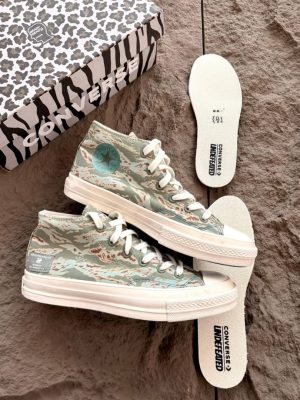 Converse x Undefeated Chuck 70 high-top sneakers in black canvas with off-white rubber sole and heel branding, held in hand with patterned shoebox and insoles visible on textured background.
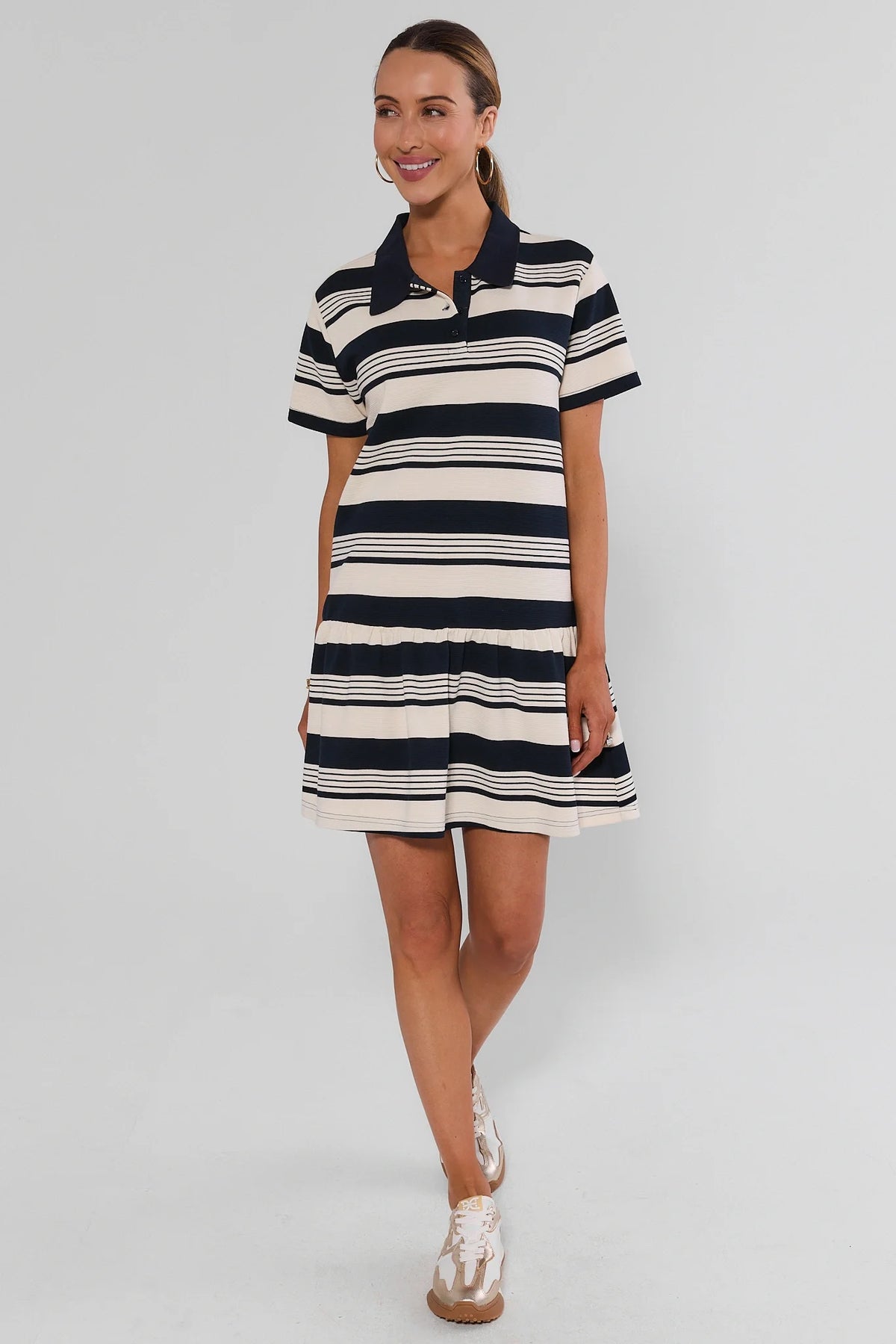 Navy Stripe Collared Short Dress three-quarter view styled with metallic sneakers, women's cute dress | Avara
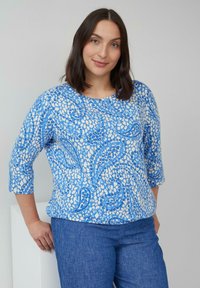 Blau und weißes Oberteil mit Paisleymuster, rundem Ausschnitt und drei Viertelärmeln. Kombiniert mit blauen Jeans.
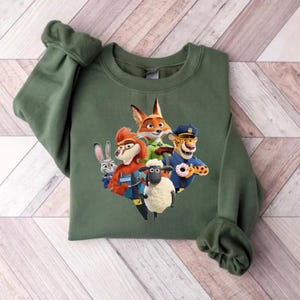 Op de afbeelding: Een groene sweatshirt met een kleurrijke afbeelding van personages uit de animatiefilm Zootopia. De afbeelding bevat een vos, een konijn, een schaap, een cheetah en andere personages. De sweatshirt heeft lange mouwen en een ronde hals.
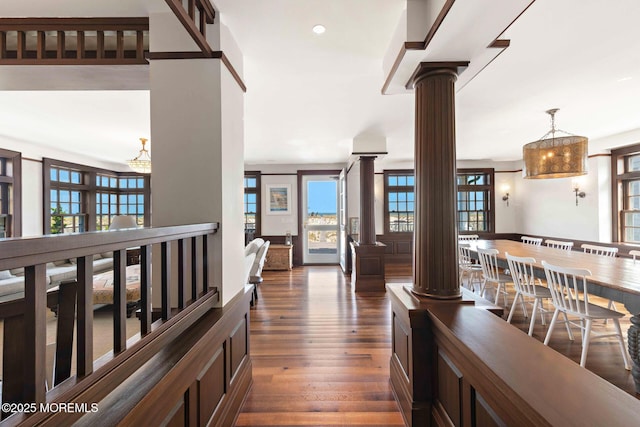 425 E Ave, Bay Head, NJ 08742 - hallway featuring ornate columns, healthy amount of natural light, dark wood-style floors, a chandelier, and recessed lighting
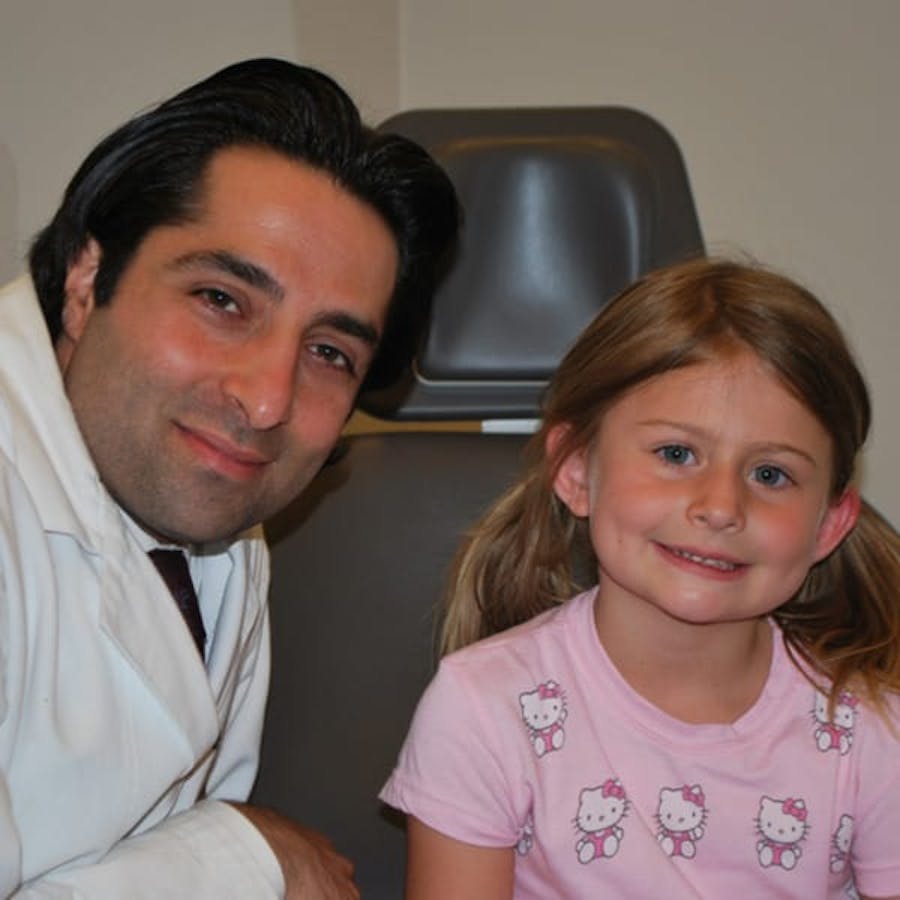 Dr. Rahban smiling with a pediatric patient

*****

■ Exercise ■
Your copy should match the data exactly, apart from the images, which are dropped.

■ Solution to this task ■
 Converse x Undefeated Chuck 70 high-top sneakers in black canvas with off-white rubber sole and heel branding, held in hand with patterned shoebox and insoles visible on textured background.
 Navy Stripe Collared Short Dress three-quarter view styled with metallic sneakers, women's cute dress | Avara
 Blau und weißes Oberteil mit Paisleymuster, rundem Ausschnitt und drei Viertelärmeln. Kombiniert mit blauen Jeans.
 Op de afbeelding: Een groene sweatshirt met een kleurrijke afbeelding van personages uit de animatiefilm Zootopia. De afbeelding bevat een vos, een konijn, een schaap, een cheetah en andere personages. De sweatshirt heeft lange mouwen en een ronde hals.
 425 E Ave, Bay Head, NJ 08742 - hallway featuring ornate columns, healthy amount of natural light, dark wood-style floors, a chandelier, and recessed lighting
 Dr. Rahban smiling with a pediatric patient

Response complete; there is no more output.